When you file your property claim its good to know some of the fine points yourself:
- Report your claim promptly and be informed:
Get a replacement copy of your policy and Declarations Page as soon as possible. Check the stated dollar limits for your main coverage categories: Dwelling, Contents (personal property), and Additional Living Expenses. Check for building code/ordinance coverage, “endorsements”, (extra coverages), and “scheduled” personal property items, (artwork, jewelry, valuables). Make sure policy limits accurately reflect the coverage you thought you had purchased. Get a copy of the regulations or laws that govern fair claim settlements in your state from your Department of Insurance.
- Maintain an insurance claim diary:
Take and keep detailed notes of all conversations with insurance company representatives… record their names, phone numbers, job titles and supervisor’s names. Confirm agreements in writing and include deadlines in those agreements.
- Document your loss thoroughly:
Written or photographic proof of destroyed items may also have been destroyed in a fire. Your descriptions of lost items, along with descriptions given by witnesses, family members, neighbors and friends, should suffice and your company should reimburse you according to your policy. Credit card companies and retailers can help you reconstruct purchases and identify replacement costs.
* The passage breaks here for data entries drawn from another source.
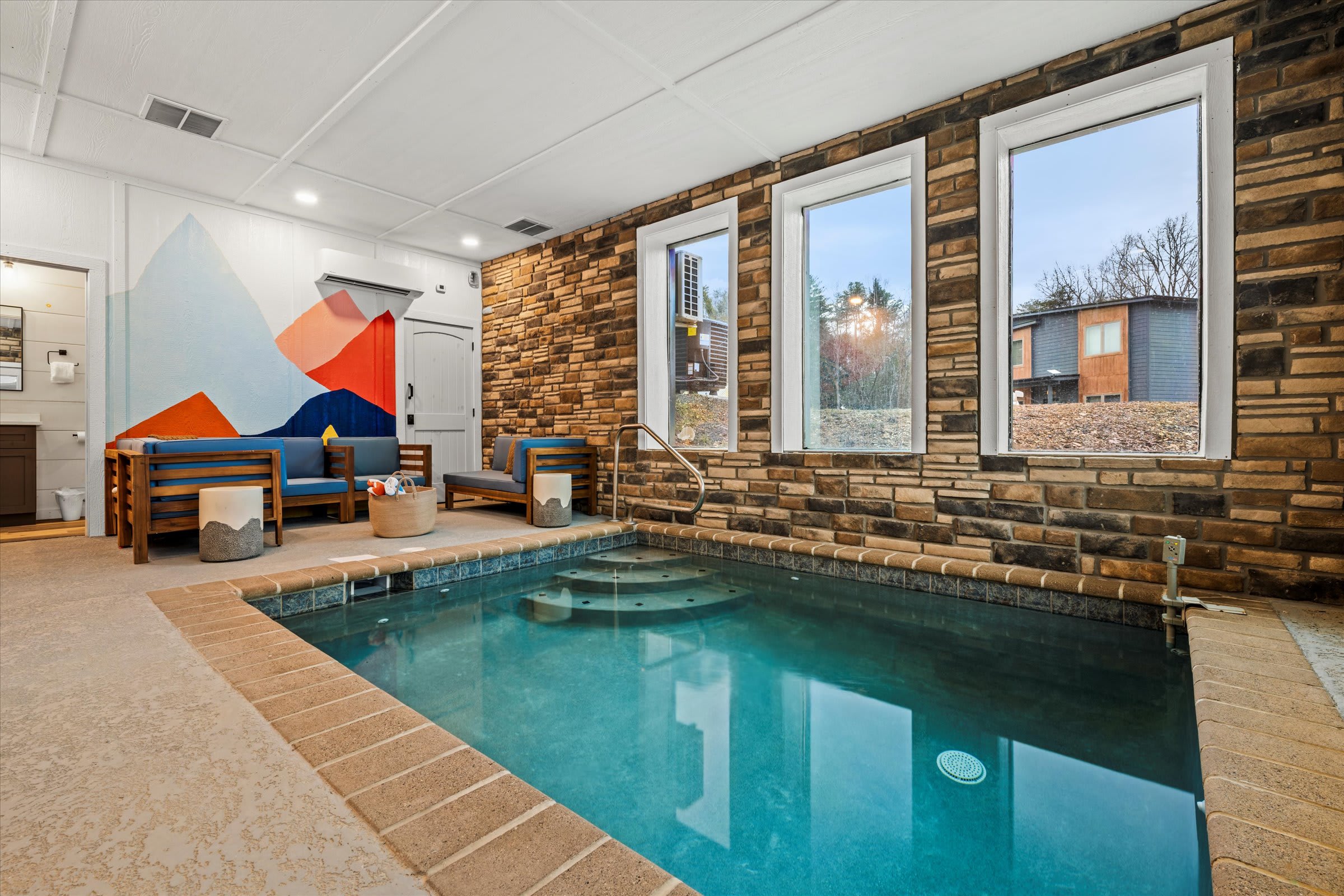 Serene cabin w/ pool, hot tub & game room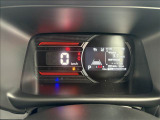 視認性の高いメーターが安全運転をサポートします。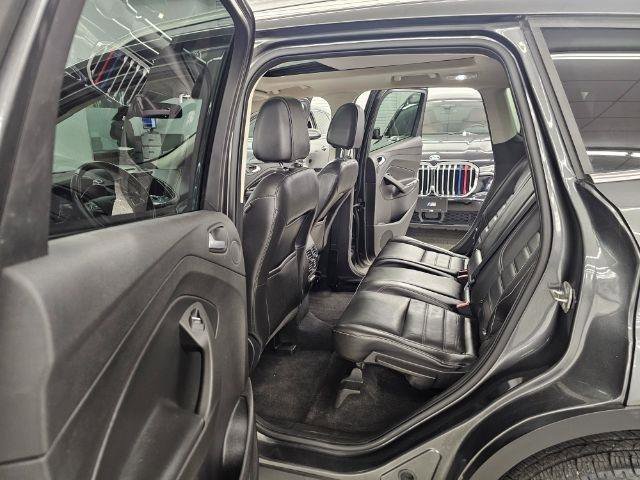 Used 2017 Ford Escape Titanium image 32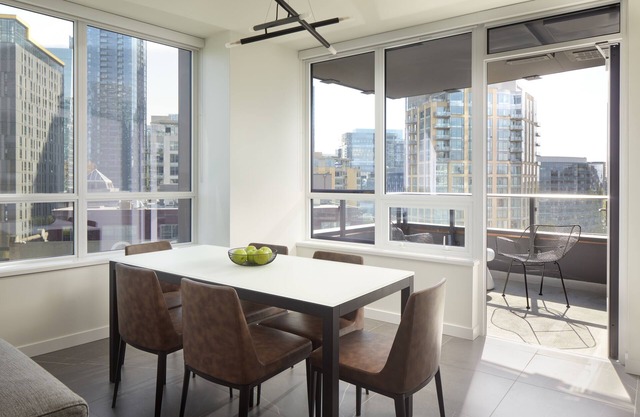 Luxury 2-BR ADA Suite w/ Pools, Gym, Gourmet Kitchen & Prime Seattle Location!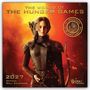 „The World of The Hunger Games“, „2027 Official Wall Calendar“. Eine Frau in Kampfausrüstung mit Pfeilen und Bogen.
- “Additional living expense” coverage:
Submit for reimbursement all receipts of meals, lodging, and purchases from the time of the fire until your home is rebuilt. Maintain copies for your records. If insurance company delays or circumstances beyond your control made the rebuilding or take longer, talk to your claims adjuster about longer ALE benefits.
- The “scope of work”
Get a “scope of work” from your adjuster that defines the amount and nature of repair they believe are needed. Have an independent restoration contractor, such as Cornerstone Appraisal & Restoration, review and if necessary, revise the scope. Cornerstone will work with you and your adjuster to reach an agreement on scope. This way estimates with similar scopes will compare “apples to apples.” This can help resolve the most common problem that turns claims into disputes.